* **EXERCISE REQUIREMENTS**:
In your copy, leave out all pictures and reproduce every entry exactly.

* **EXCERPTED RECORDS**:
-*-*-
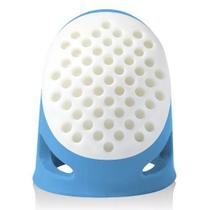 Dedal Prym Ergonomics Soft Comfort Neon Dedal Prym Ergonomics Soft Comfort Neon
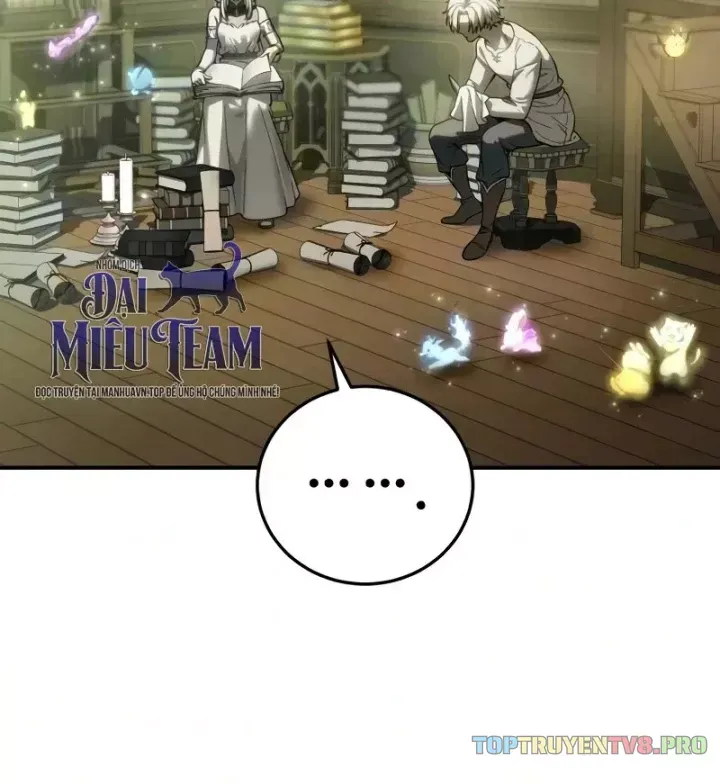 Chapter 124 - Image 5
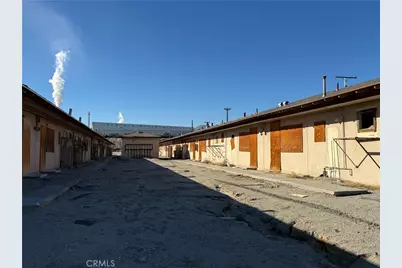 83298 Argus Avenue, Trona, CA 93562 - Photo 61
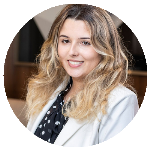 Maria Carolina Santos de Araújo Maria Carolina Santos de Araújo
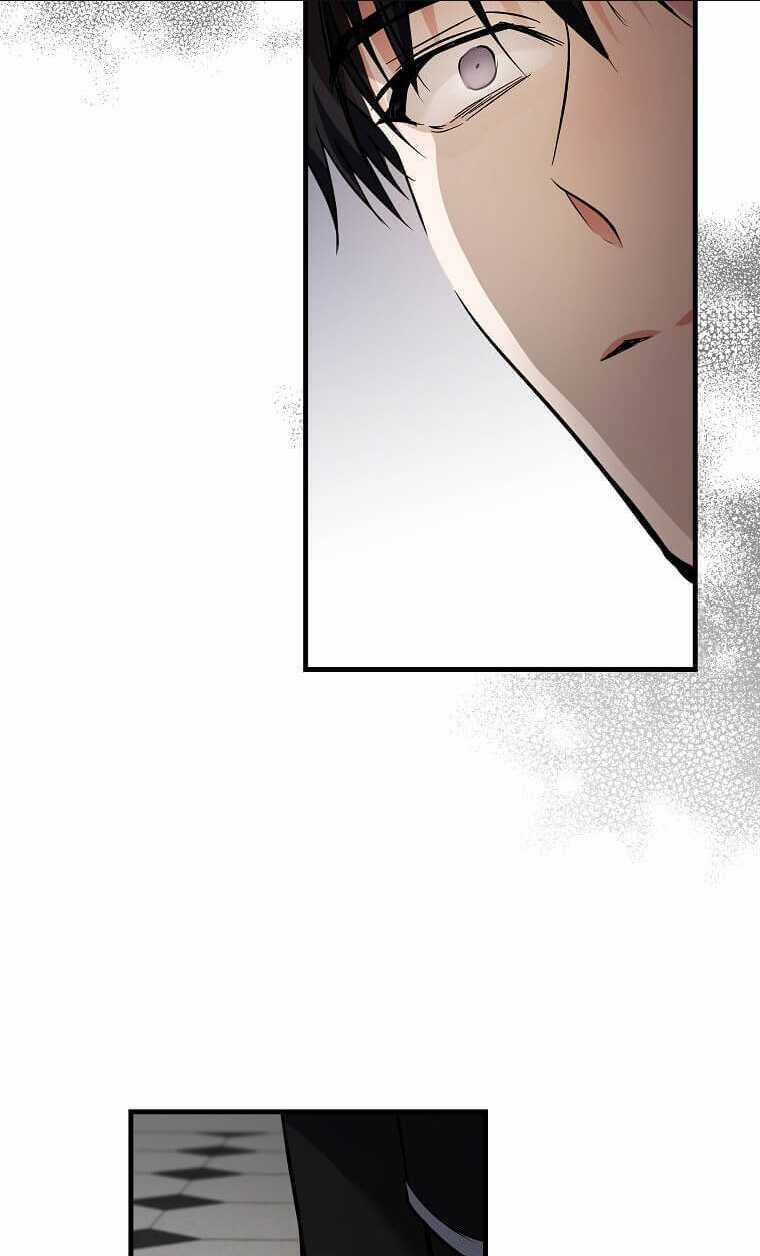 Ác Nữ Trùng Sinh - Chapter 181 - Trang 57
-*-*-
* **ANSWER TO THE PROBLEM**:
 Dedal Prym Ergonomics Soft Comfort Neon Dedal Prym Ergonomics Soft Comfort Neon
 Chapter 124 - Image 5
 83298 Argus Avenue, Trona, CA 93562 - Photo 61
 Maria Carolina Santos de Araújo Maria Carolina Santos de Araújo
 Ác Nữ Trùng Sinh - Chapter 181 - Trang 57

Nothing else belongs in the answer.